We failed the question of pointing out the exact major news item of the day he was referring to. Okadigbo in his usual candour, graciously cleared his throat and started with his routine old thesis that the then president, Chief Olusegun Obasanjo, his Achilles heel, was constructing a one party state, which he intoned was very dangerous, unconstitutional and might breed dictatorship. He said: “Left for Obasanjo, he would want to amend the Constitution and extend his rule (this was before the third term imbroglio). I am surprised that none of you took note of General Muhammadu Buhari’s entry into the murky waters of Nigerian politics.” We claimed we read it, but why is his entry a major news, in the musical chair of our brand of politics?
Okadigbo’s answer was very emphatic. “Buhari will define politics in the years ahead. Nigeria is lucky to have him, quote me. We are lucky he didn’t join the PDP. The battle line is drawn. It’s going to be a marathon race,” he quipped. He went on to state that the stage was set for deconstructing the one party state being weaved by Obasanjo.
Buhari had joined the defunct All Nigeria Peoples Party (ANPP) when Okadigbo stated what appeared to be prophetic. Okadigbo was later nominated the vice presidential candidate in what became the Buhari/Okadigbo ticket. The outcome of the election and the judgment of the tribunal up to the Supreme Court are public knowledge and need not to be repeated here. For President Buhari, it was rough route to victory as the 2007 and 2011 presidential elections also ended in controversies.
In the 2015 presidential election, Buhari won and former president, Dr. Goodluck Ebele Jonathan, graciously conceded defeat and congratulated the winner, which Mr. President appreciated at the inauguration and still appreciates as occasion demands.

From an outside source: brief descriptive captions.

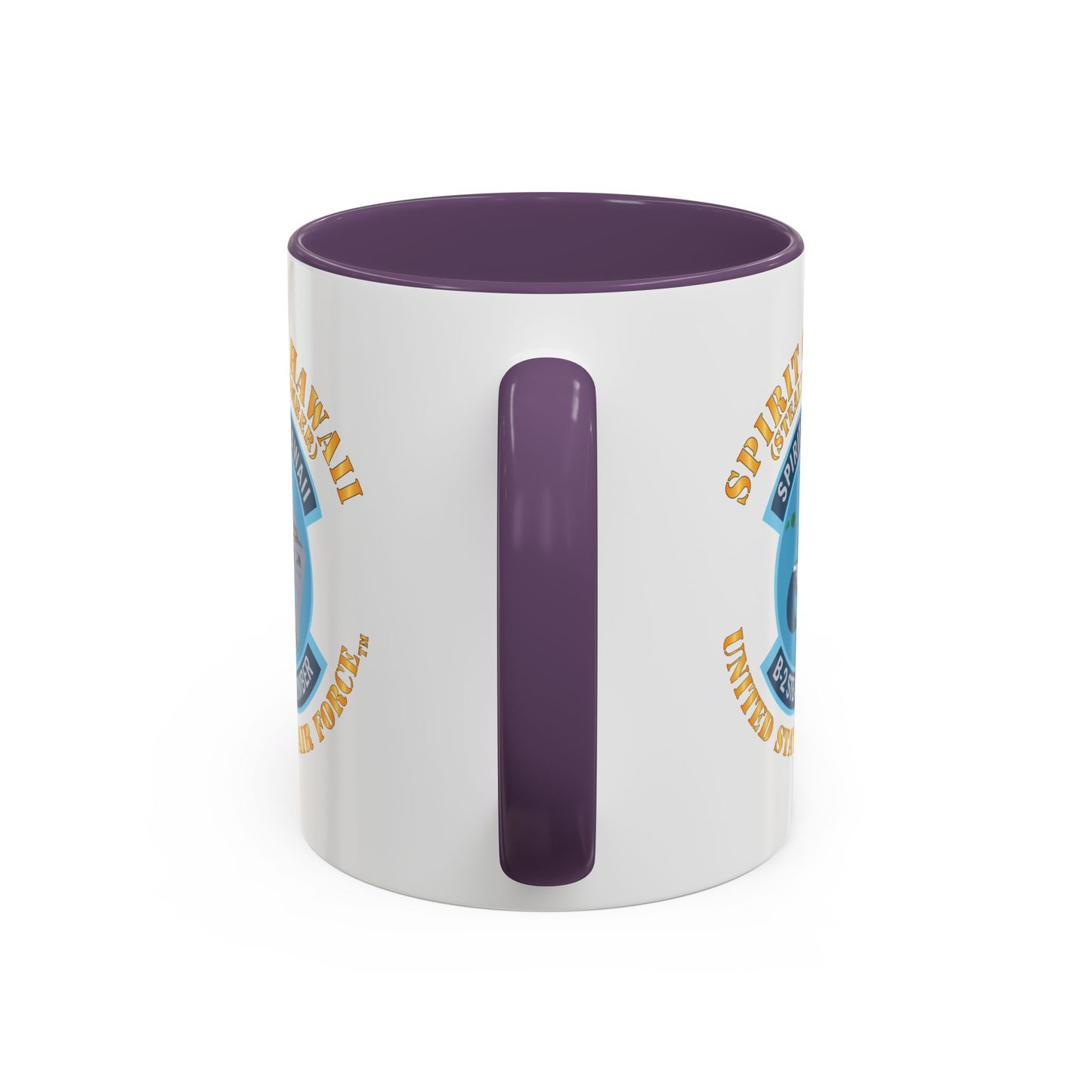 Accent Coffee Mug (11oz & 15oz) - USAF - B2 - Spirit of Hawaii - Stealth Bomber X 300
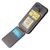 For iPhone 12 mini Soft Skin Leather Wallet Bag Phone Case (Grey)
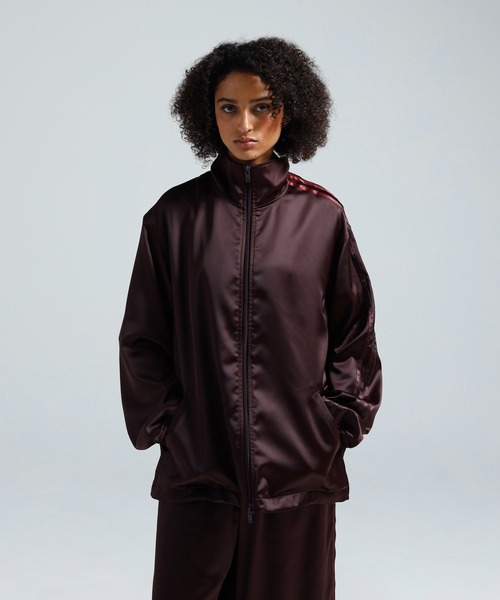 Y-3(ワイスリー)の「Y-3 SATIN GRADIENT 3 STRIPES TRACK TOP(ジャージ・メンズ・バーガンディー・XX-SMALL/X-SMALL/SMALL/MEDIUM/LARGE/X-LARGE)」の4枚目の写真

Since assumption of office on May 29, 2015, President Buhari has, in measured steps, begun the construction of a progressive and prosperous Nigeria as predicted. In this exercise, some are skeptical because his pace for them is too slow. For this, the President has said, slow and steady wins the race. It is not peculiar to Nigerians; a lot of people assume that democracy must deliver quick results especially in political systems like ours where the people’s hope was serially dashed and the state atrophied.
Incidentally, the President has passed the trajectory of fierce battle between the neo-liberals and statist economic schools. Before his overthrow as military Head of State in 1985, he rebuffed the entreaties of the neo-liberals, hence he rejected the adoption of the World/IMF conditionalities. Among the components of the conditionalities were the removal of subsidy in fuel and fertilizer, devaluation of the naira, privatisation of state owned enterprises, et al.
In sum, one prays for more years for Mr President, so as to consolidate this laudable programme of sanitising the system and laying the solid foundation for an industrial society. This is why it is crucial for Nigerians to vote for him in the future, if he declares interest, as those who are clamouring to displace him are more or less self-serving.